- **Aim of the exercise**: Reproduce the entries exactly, beginning with the line containing "PULSERA PARA CABALLERO" and ending with their last line, both included.

- **Material for this task**:
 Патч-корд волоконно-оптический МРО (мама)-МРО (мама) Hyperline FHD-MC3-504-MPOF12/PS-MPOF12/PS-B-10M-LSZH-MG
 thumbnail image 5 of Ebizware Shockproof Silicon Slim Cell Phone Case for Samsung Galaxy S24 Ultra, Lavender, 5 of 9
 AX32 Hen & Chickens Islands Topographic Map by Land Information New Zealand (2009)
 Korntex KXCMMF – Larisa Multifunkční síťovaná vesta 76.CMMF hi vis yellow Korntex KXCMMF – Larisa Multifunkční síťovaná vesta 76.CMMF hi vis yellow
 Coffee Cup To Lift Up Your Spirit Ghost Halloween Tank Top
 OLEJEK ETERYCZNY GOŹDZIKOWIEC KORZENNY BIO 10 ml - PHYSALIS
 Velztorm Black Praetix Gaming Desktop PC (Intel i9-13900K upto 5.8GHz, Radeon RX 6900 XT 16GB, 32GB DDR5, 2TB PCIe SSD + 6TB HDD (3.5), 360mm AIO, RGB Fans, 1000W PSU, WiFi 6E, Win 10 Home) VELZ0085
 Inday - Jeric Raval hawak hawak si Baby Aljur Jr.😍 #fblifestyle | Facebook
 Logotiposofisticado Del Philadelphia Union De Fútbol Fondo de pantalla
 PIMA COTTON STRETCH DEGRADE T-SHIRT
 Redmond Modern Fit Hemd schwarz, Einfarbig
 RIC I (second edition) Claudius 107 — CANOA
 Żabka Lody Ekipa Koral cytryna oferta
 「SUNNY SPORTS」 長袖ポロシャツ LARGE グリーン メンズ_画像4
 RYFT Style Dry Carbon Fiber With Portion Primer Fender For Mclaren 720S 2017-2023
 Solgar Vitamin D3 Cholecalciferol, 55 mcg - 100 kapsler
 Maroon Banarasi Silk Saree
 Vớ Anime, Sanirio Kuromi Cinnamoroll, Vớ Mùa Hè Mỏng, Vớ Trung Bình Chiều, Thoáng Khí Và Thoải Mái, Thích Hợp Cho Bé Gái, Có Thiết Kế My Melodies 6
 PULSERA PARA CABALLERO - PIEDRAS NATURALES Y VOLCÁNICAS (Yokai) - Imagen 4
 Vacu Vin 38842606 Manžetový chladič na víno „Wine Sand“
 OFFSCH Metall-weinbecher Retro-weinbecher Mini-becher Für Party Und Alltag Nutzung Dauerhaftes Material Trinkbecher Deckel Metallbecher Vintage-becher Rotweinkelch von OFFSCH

- **Answer below**:
 PULSERA PARA CABALLERO - PIEDRAS NATURALES Y VOLCÁNICAS (Yokai) - Imagen 4
 Vacu Vin 38842606 Manžetový chladič na víno „Wine Sand“
 OFFSCH Metall-weinbecher Retro-weinbecher Mini-becher Für Party Und Alltag Nutzung Dauerhaftes Material Trinkbecher Deckel Metallbecher Vintage-becher Rotweinkelch von OFFSCH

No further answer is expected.